[EXERCISE REQUIREMENTS]: Where the records below reach the line containing "Сетка сварная тяжелая 1", start transcribing, and end with the line containing "Brick Pops Inc.", exactly and with nothing else added.

[DATA UNDER STUDY]:

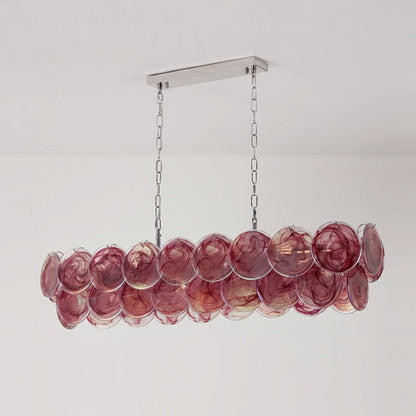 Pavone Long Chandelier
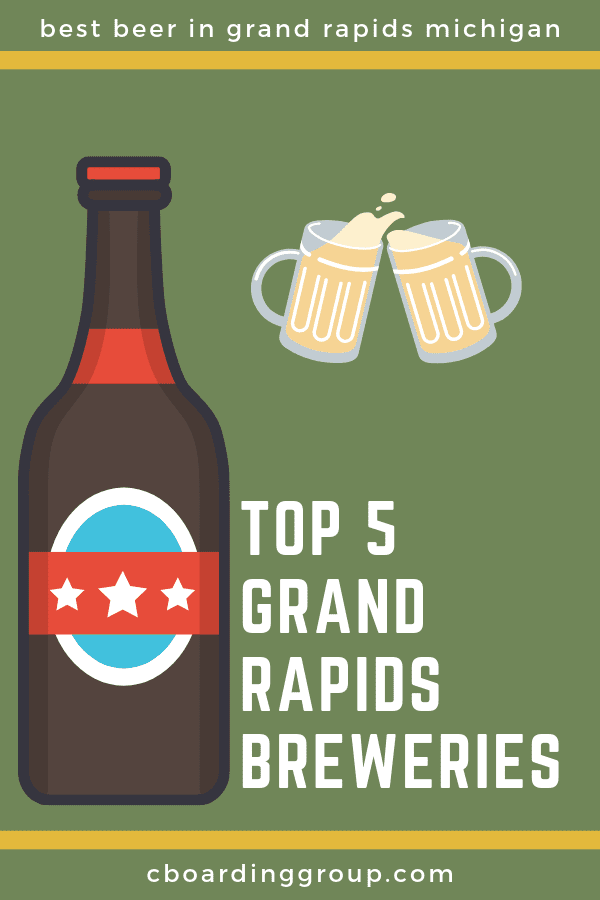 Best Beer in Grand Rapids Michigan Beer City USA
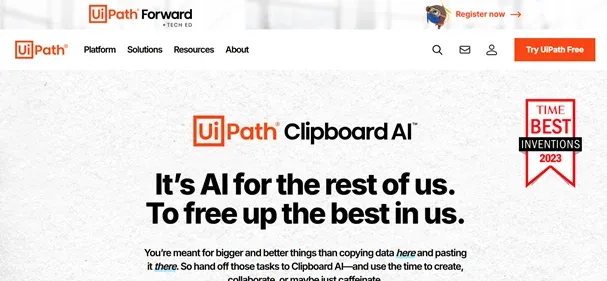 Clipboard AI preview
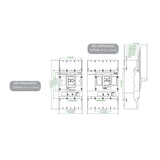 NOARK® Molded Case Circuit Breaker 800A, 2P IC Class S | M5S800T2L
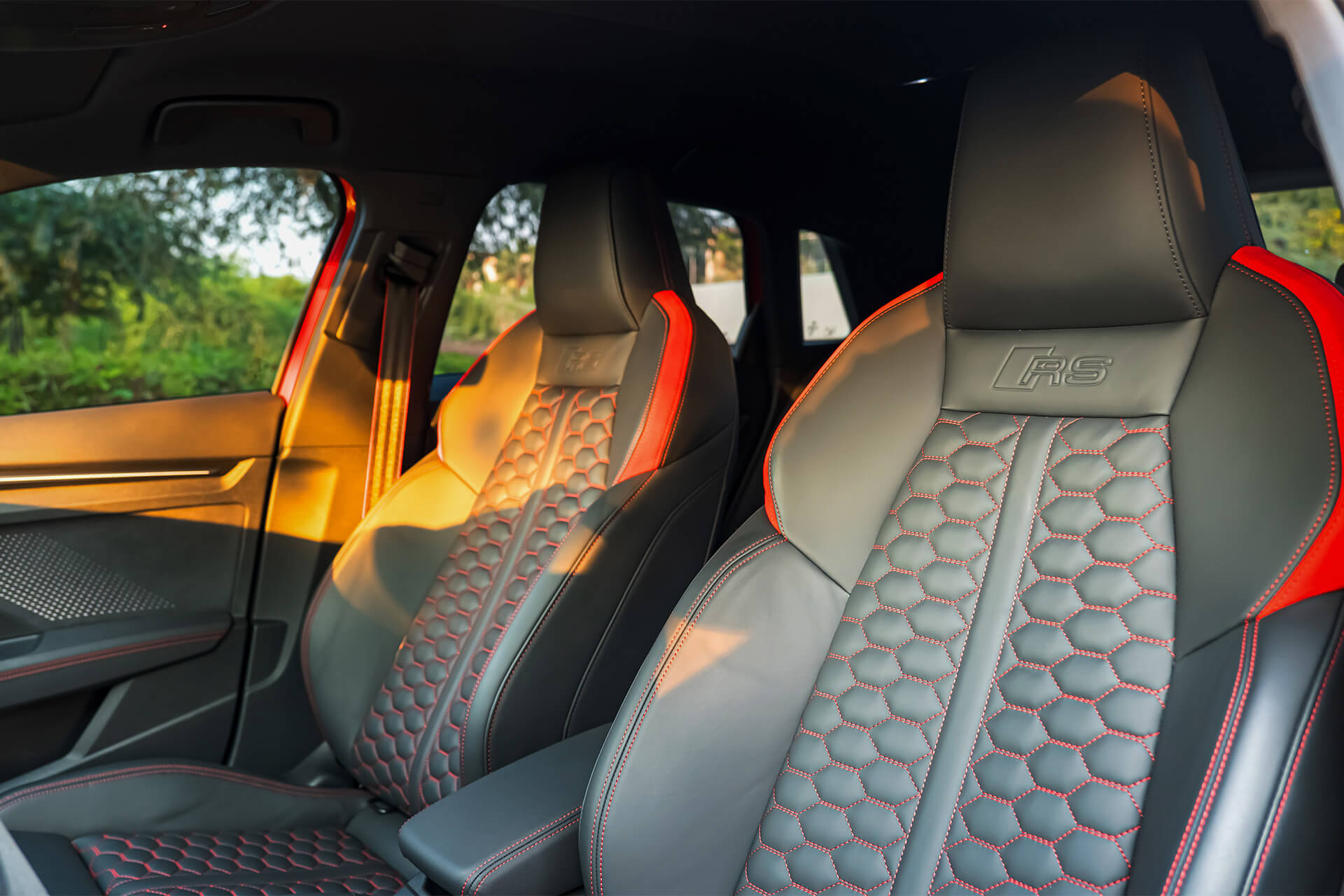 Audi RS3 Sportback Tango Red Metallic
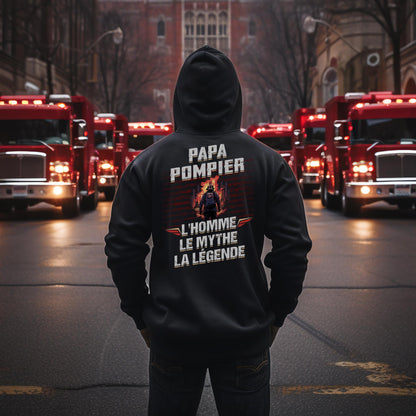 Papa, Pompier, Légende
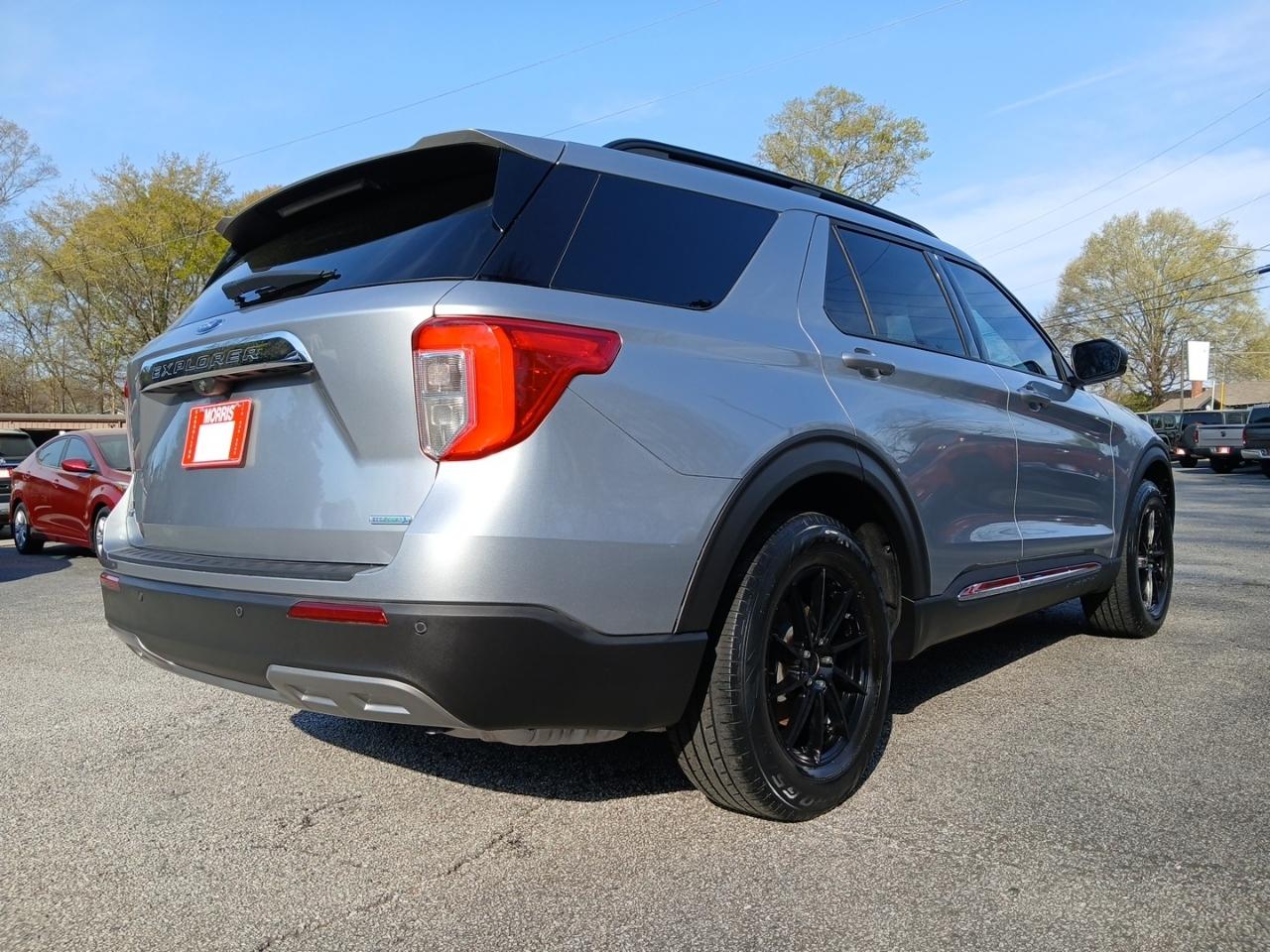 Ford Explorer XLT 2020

--

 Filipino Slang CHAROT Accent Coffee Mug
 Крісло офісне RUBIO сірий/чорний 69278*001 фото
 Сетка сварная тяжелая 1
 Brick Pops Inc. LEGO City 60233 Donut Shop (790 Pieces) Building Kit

[TASK OUTPUT]:
 Сетка сварная тяжелая 1
 Brick Pops Inc. LEGO City 60233 Donut Shop (790 Pieces) Building Kit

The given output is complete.